1
$\begingroup$

Suppose there is a sequence of$N$ numbers $x_1, x_2, x_3, ... x_N$.

There are then gaps $|x_i - x_j|$, and the minimum gap:

$\delta (N) = \text{min}_{i \ne j \le N} \{ | x_i -x_j | \}$.

Let the mean gap be normalized to $1/N$.

If the sequence of numbers $x_1, x_2, x_3, ... x_N$ is random, the minimum gap

$\delta (N) \simeq \frac{1}{N^2}$

this is the birthday problem!

How to calculate this $1/N^2$ explicitly?

Or, where is the calculation shown?

See the problem described here: https://youtu.be/n8IMb2mW6TM?t=2396

$\endgroup$

2 Answers 2

2
$\begingroup$

You can do this using a sort of continuous version of the combinatorics technique sometimes called "stars and bars".

Let's just take the $x_k$ to be $N$ independent random numbers chosen uniformly in $[0,1]$; that will (at least to a good enough approximation) ensure that the mean gap is $1/N$.

Now the probability that the minimum gap is at least $\delta$ is just $(1-(N-1)\delta)^N$. Imagine distributing within the unit interval not $N$ mere points, but the left-hand endpoints of $N$ intervals of length $\delta$. The probability we seek is the probability that no two of these intervals overlap, which we should think of as the $N$-dimensional volume of the region in $[0,1]^N$ where that's true. When this happens we can imagine shrinking all those intervals to zero, moving each $x_k$ to $x_k-m_k\delta$ where $m_k$ is the number of points to the left of $x_k$; this transforms our $N$-dimensional region, in a volume-preserving way, to precisely $[0,1-(N-1)\delta]^N$.

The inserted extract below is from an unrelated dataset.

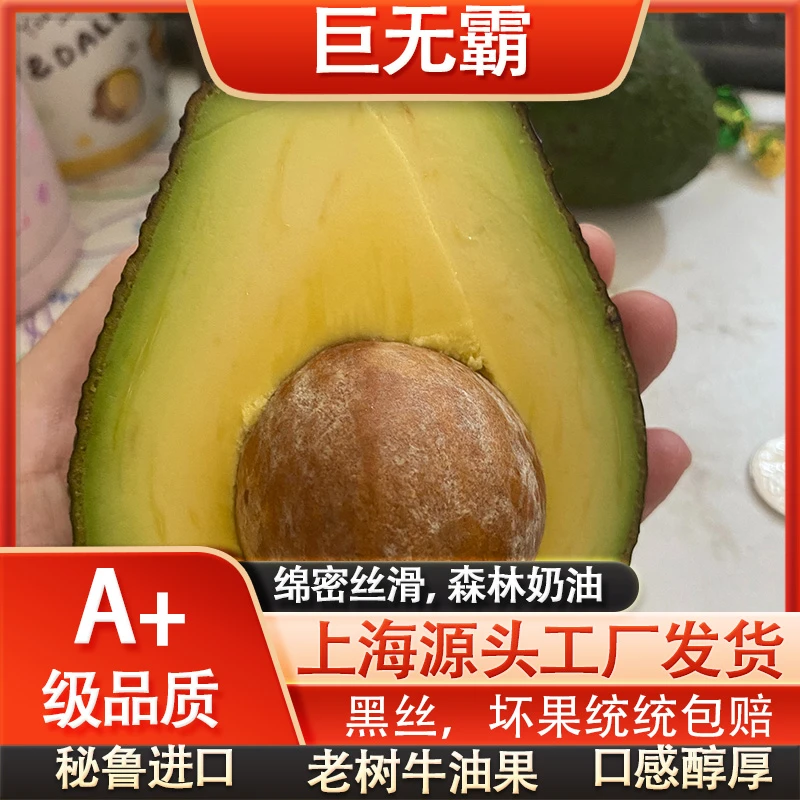 现货上海超大批发成熟水果hass品种速发哈斯鳄梨进口牛油果巨无霸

Now, when $N$ is large and $\delta$ is small, this is approximately $\exp(-N^2\delta)$. (Ugly details below.)

So, for instance:

  • The probability that $\delta>N^2\log N$ is at most about $\exp(-\log N)=1/N$.
  • The probability that $\delta<N^{2+\epsilon}$ is at most about $1-\exp(-N^\epsilon)\simeq N^{-\epsilon}$.
  • The median value of $\delta$ occurs when $\exp(-N^2\delta)\simeq\frac12$, i.e., when $\delta\simeq\frac{\log2}{N^2}$.
  • The expected value of $\delta$ is approximately $\int_0^1N^2\exp(-N^2\delta)\delta\,d\delta=\frac1{N^2}[1-\exp(-N^2)(N^2+1)]\simeq\frac1{N^2}$.
    • Here I'm assuming not only that $\exp(-N^2\delta)$ is a good approximation to $(1-(N-1)\delta)^N$, but also that the derivative of the former is a good approximately to the derivative of the latter. I'm pretty sure this is also true.
    • For the expected value, it's actually easier just to use the exact expression for the probability. If I've fed the formulae into Mathematica (which makes fewer mistakes than I do) correctly, what we get is exactly $1/(N^2-1)$.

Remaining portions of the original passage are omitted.